# toro sr4 blade overide vibration sqeeking and noise



## juggy (Aug 22, 2008)

Hello,

i hit a stump with my toro mower Super recycler SR4 20056

when the blad is not engaged (blade overide) it makes an awefull racket

loud vibrations and squeeling when running 

any ideas

it runs fine when blade is engaged - problem only occurs when on and blade is shut off


----------



## 30yearTech (Sep 14, 2006)

The crankshaft is probably bent.

To check this, remove your spark plug and tip the mower on its side with the air filter facing up. Pull the rope and look at the blade to see if there is any up and down or back and forth movement, it should be still if the shaft is not bent. If there is movement then the crankshaft is bent and will need to be replaced.

If you continue to run it with a bent shaft, it will destroy the bearing in the blade clutch.


----------



## juggy (Aug 22, 2008)

thanks,

i figured that is what it was based on searches

i will need to get a shop to do it for me

any idea how much i approximately i am looking at parts & labor?


----------



## 30yearTech (Sep 14, 2006)

Well it really depends upon your geographic area, labor rates can vary widely.

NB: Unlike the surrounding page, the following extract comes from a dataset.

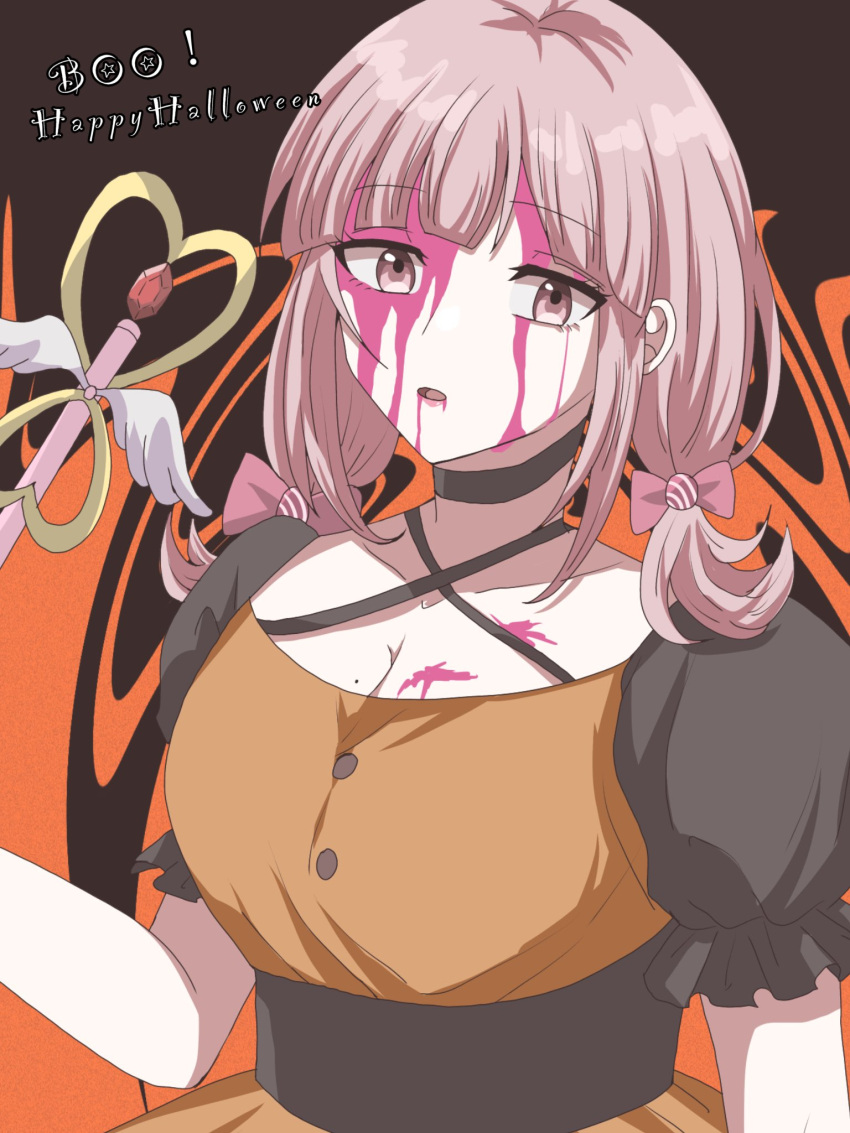 1girl black_background black_choker blood blood_on_face bow breasts brown_hair choker collarbone danganronpa_(series) danganronpa_2:_goodbye_despair flipped_hair hair_bow halloween_costume happy_halloween highres holding holding_staff large_breasts low_twintails maguro_(magurooo3) medium_hair nanami_chiaki no_hair_ornament orange_background pink_blood pink_bow pink_eyes puffy_short_sleeves puffy_sleeves short_sleeves staff twintails upper_body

A new crankshaft is about $50.00 and labor to install it should be about 1 1/2 hours labor, in my neck of the woods labor would run about $98.00 with miscellaneous parts like gaskets seals and oil total might be around $165.00.

Most any reputable repair facility or mechanic can give you a pretty close estimate for this type of repair. Just give them your model number and ask them how much to install a new crankshaft, its not an uncommon repair.


----------